Something I have discovered is that kids will be noisy whether their parents treat them kindly or harshly. I could threaten to spank my child for being loud in a restaurant, or I can gently remind him to be quiet, but kids are still going to make noise sometimes, no matter how much you try to control them. I have been around plenty of kids who are spanked, threatened, given time-outs, & various other forms of punitive punishment—all of them make noise, all of them want to explore their surroundings, all of them have big emotions sometimes.
With that said, my child wasn’t being loud. You might not have even noticed that there were two kids at the table, because my friend Crystal’s daughter was asleep in her lap the whole time we were eating. I know my son wasn’t being loud, because he was respecting the fact that his friend was sleeping. What bothered you was the 5-minute trot we did around the restaurant while my friend & I were paying our respective checks. First I went to the register while Crystal took her 24-month-old daughter & my son over to the cool goddess fountain in the corner. Then Crystal paid while I watched the kids as they (gasp!) meandered through the restaurant toward the exit. There was no one else in the restaurant. As we walked by your table, you slammed your fork down. The woman you were eating with didn’t make eye contact or say anything, but she looked as cold as you.
“We’re having a meeting,” you said angrily.
I knew you both looked like you weren’t having a good time. But because our kids were actually being quiet for children their age, simply walking past your table while chatting (yes, loudly) in their sing-songy way, I assumed you were discussing an unpleasant matter or were of naturally foul disposition. As it turns out, the latter might be correct.

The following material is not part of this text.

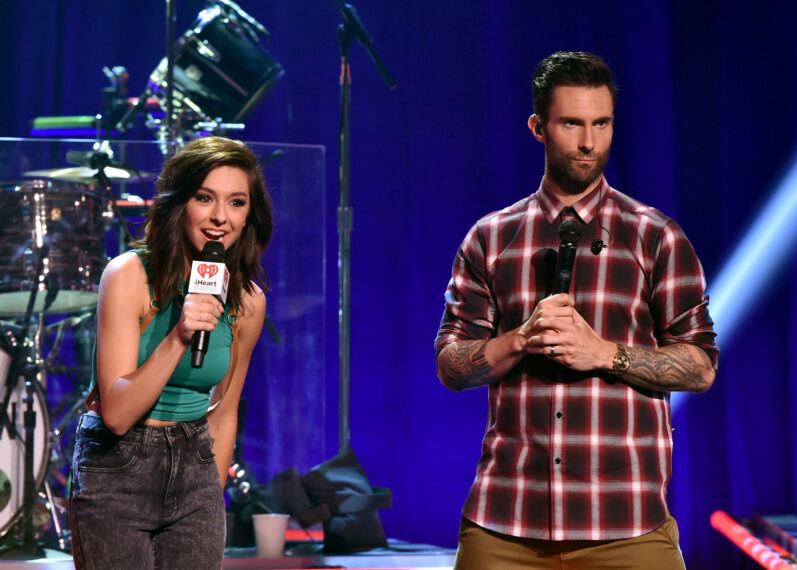 Singers Christina Grimmie (L) and Adam Levine speak onstage druing the iHeartRadio Album Release Party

“This isn’t Chuck-E-Cheese,” you told Crystal. Yeah. . . We know that. We were at an Indian restaurant, a family-run business, which I’ve been going to since long before I had my son. The woman who runs the place always comes out to check on us & she seems to adore not only my child, but all of the children I’ve seen in her restaurant. I interviewed the male owner for a school paper & my son came with (because I am a single parent with very limited options for childcare & because I love taking him with me everywhere). During our conversation he started banging a fork on the table while singing. I (gently) took the fork & (nicely) told him he needed to be quiet so I could finish my conversation. The owner said something along the lines of, “No, mama, let him play,” & gave my son back his fork. That sweet interaction prompted me to text my friend Jesse (an American who travels to India often) to ask him if Indian parents are like Americans in their belief that children should be seen & not heard. My friend Jesse’s response was: “Lol hell no!” He went on to detail his perception that Indian parents let their kids be kids. They hold appropriate expectations of their children, & according to my friend, their kids are better behaved than their US counterparts. Most likely because they feel positive, understood, & honored.

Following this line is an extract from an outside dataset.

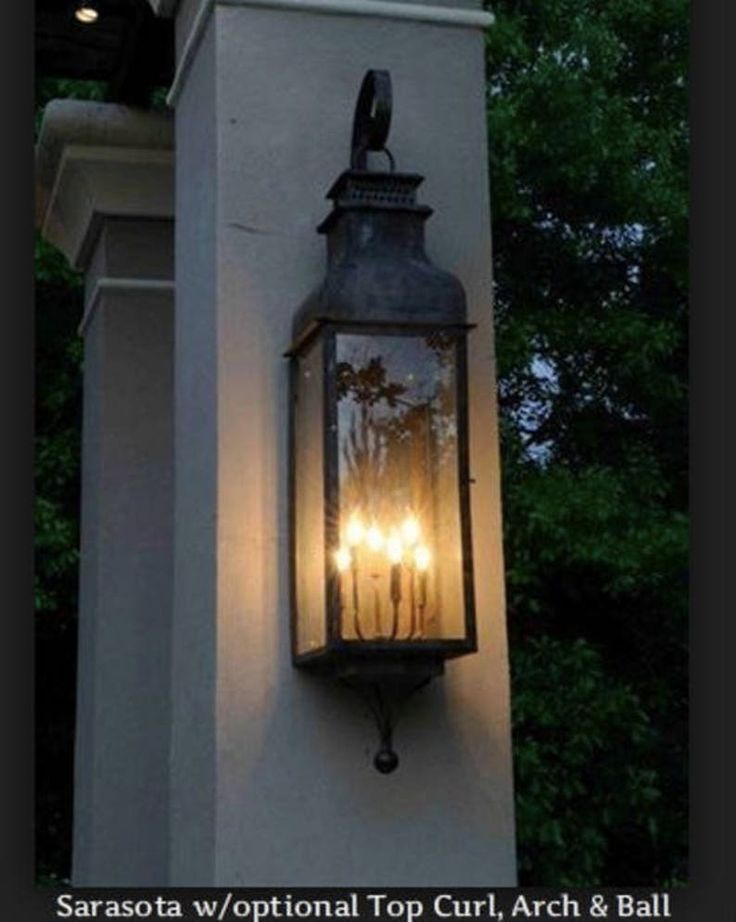 three lit candles are in an old fashioned lantern on the side of a building with trees behind it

But that’s not the point. It doesn’t matter how you believe kids should act in public or how you believe their parents should punish them. It doesn’t matter what I believe either. One thing is certain, as Crystal pointed out– we were in a public restaurant. You chose to have your meeting in a restaurant that does not offer anything even resembling privacy. The restaurant’s seating area is a single square room with open booths & tables; you WILL be hearing your neighbors’ conversations. Children are allowed there. I present the small candy-dispensing machine in the vestibule & the dish of suckers by the cash register as evidence that children are actually welcome there. It’s also just a reasonable expectation that if you venture into public, you might hear a child. Children have emotions; you might be witness to that. You might hear a baby crying, or a person talking loudly on a cell phone. Someone wearing too much cologne might walk past you. It’s terrible times out there.

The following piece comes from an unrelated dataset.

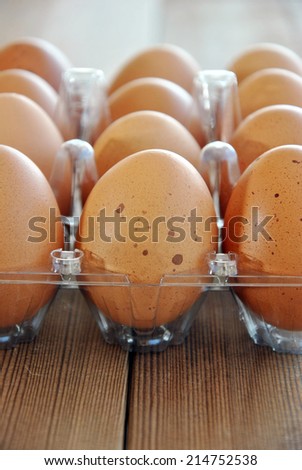eggs tucked in its box on a wooden table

I am not saying parents should allow their kids to do whatever, whenever. Please understand this. Children need guidance, some more than others, especially in closed-in situations. That’s why I love going to spacious parks & playgrounds—my child is allowed to free-range without having to conform to the cranky adult version of the world. But my son & his toddler friend do really well in public most days. They are both learning how to communicate their needs in a healthy way, both rarely cry, & neither has “tantrums.” They are “good kids;” boisterous, talkative, & funny. In fact, I’m not sure what about them bothered you so much.
Which leads me to the conclusion that maybe you were planning a funeral or something. Maybe your dog just died, or you lost your job & you’re feeling the weight of the broken economy on your shoulders. Maybe a lot of sad things have happened to you in your life that somehow makes the normal behavior of children exceptionally irritating to you. Maybe when you were a child you were hurt for acting like a child.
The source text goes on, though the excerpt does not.